Assistenz mit Tücken beim Parken

Die Fahrerassistenz geht dagegen in Ordnung, sieht man einmal davon ab, dass der Spurassistent sensibler regeln könnte und die Lenkradsensoren weniger sensibel, wenn die Hände den Kranz nicht feste umklammern. Regelrecht aus dem Sitz gerissen wird man in der letzten Mahnstufe, die kurz anbremst. Der Abstandstempomat arbeitet ansonsten zuverlässig, der Stauassistent ebenso, Objekte im toten Winkel bekommt man per LED im Spiegel angezeigt und die Rückfahrkamera (sofern sie nicht eingesaut ist) erlaubt einen weiten und scharfen Blick.

Aber so klug ist das System dann auch wieder nicht: Eine knapp angepeilte Parklücke mit Hecke auf der Beifahrerseite animiert die Notbremse abrupt, den "Stachel" reinzuhauen und den Rangierdienst zu quittieren.
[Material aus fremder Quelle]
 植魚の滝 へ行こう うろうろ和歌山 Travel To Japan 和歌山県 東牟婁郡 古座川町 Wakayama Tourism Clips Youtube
Vorwärts das gleiche Spiel, wenn es um präzise Parkarbeit geht. Etwas inkonsequent ist die Strategie, erst bei Lösen der Bremse und Antippen des Gaspedals einen Kriechmodus zuzulassen. Entweder oder. Und dass die eher milde Rekuperation nur einstufig ist, One-Pedal-Drive so nicht möglich, sei der Vollständigkeit halber auch noch erwähnt.

Beim Preis schon in der Oberklasse

All das ist - abgesehen von der für ein Nutzfahrzeug anständigen, für einen Oberklassevan nicht unbedingt angemessenen Hartplastiklandschaft - eines Autos der 80.000-Euro-Liga nicht würdig. Denn auf diesen Preis summieren sich von der GTX-LW-Basis aus mit 75.000 Euro Brutto die Optionen wie Wärmepumpe (unbedingt!), Siebensitzer (konsequent), Anhängekupplung (bei LW 1.600 statt 1.800 kg), Keyless Go (fraglich). Immerhin: Im Privatleasing kommt man mit 506 Euro vergleichsweise günstig weg, über 48 Monate, 10.000 km jährlich, bei 16.000 Euro Sonderzahlung. Ein nicht ganz so praktischer, aber ebenfalls sehr geräumiger und generell siebensitziger Kia EV9 AWD (283 kW, 99,8 kWh) startet da glatt 6.000 Euro günstiger.

Wo bleibt die "german Gründlichkeit"?

Am Ende beschleicht einen das Gefühl, dass das eigentlich vom Prinzip so tolle, am Markt einzigartige ID-Buzz-Paket "BEV-Bus für Alltag & Freizeit", ziemlich schnell und ohne die sonst gewohnte "german Gründlichkeit" entwickelt wurde. Vor allem wenn die einst gesetzten "teutonischen Tugenden" wie Effizienz, Ergonomie, Zuladung zu wünschen übrig lassen. Den langen Radstand und Allrad kann man sich glatt sparen, es bringt mehr Nachteile als Vorteile. Fazit: Package und Basis des Elektro-Bulli passen. Aber in Sachen (Winter)Effizienz und Details gilt: Buzz geht noch besser!